Flash Boys: A Wall Street Revolt
Summary:
Flash Boys is about a small group of Wall Street guys who figure out that the U.S. stock market has been rigged for the benefit of insiders and that, post–financial crisis, the markets have become not more free but less, and more controlled by the big Wall Street banks. Working at different firms, they come to this realization separately; but after they discover one another, the flash boys band together and set out to reform the financial markets. This they do by creating an exchange in which high-frequency trading—source of the most intractable problems—will have no advantage whatsoever.

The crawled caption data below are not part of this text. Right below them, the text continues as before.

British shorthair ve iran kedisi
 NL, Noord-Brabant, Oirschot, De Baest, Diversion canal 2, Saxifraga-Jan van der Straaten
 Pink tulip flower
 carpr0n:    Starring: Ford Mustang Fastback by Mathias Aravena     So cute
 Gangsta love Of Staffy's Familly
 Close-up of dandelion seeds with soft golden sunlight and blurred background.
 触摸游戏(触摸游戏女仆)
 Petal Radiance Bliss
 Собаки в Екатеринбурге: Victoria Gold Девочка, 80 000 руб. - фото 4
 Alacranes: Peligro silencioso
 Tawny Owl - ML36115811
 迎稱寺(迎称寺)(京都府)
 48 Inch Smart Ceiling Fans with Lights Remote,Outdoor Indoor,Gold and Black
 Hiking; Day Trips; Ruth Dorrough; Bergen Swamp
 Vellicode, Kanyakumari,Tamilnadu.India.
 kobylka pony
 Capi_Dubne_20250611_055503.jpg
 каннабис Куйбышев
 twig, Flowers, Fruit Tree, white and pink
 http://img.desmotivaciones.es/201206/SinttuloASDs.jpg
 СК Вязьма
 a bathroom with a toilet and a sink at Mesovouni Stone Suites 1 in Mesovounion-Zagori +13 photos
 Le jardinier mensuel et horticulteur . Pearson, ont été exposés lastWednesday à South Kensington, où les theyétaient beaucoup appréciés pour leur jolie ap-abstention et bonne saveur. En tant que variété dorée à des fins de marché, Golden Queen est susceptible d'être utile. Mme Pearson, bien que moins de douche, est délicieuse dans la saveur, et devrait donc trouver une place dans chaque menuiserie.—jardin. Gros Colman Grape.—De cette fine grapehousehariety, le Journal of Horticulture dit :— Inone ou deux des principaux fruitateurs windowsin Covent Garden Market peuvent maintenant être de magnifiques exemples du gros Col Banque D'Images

The characters in Flash Boys are fabulous, each completely different from what you think of when you think “Wall Street guy.” Several have walked away from jobs in the financial sector that paid them millions of dollars a year. From their new vantage point they investigate the big banks, the world’s stock exchanges, and high-frequency trading firms as they have never been investigated, and expose the many strange new ways that Wall Street generates profits.
The light that Lewis shines into the darkest corners of the financial world may not be good for your blood pressure, because if you have any contact with the market, even a retirement account, this story is happening to you. But in the end, Flash Boys is an uplifting read. Here are people who have somehow preserved a moral sense in an environment where you don’t get paid for that; they have perceived an institutionalized injustice and are willing to go to war to fix it. (Summary and book cover courtesy of goodreads.com)
Review:
This book was fascinating. I highly recommend it to everyone who would like to have reasonable working knowledge of what has happened in the past decade in the stock market. What made this book so awesome was the way Lewis was able to take extremely complex problems and explain them in a way that even non-technical people could understand. And without, which was key, getting bogged down or too wordy. This book was a great example of weaving practical, working knowledge, with the personal stories of the main players involved.
Rating: 4 stars!
Who Should Read It? Anyone who would like an explanation for some of the drama that has happened with the stock market in recent years.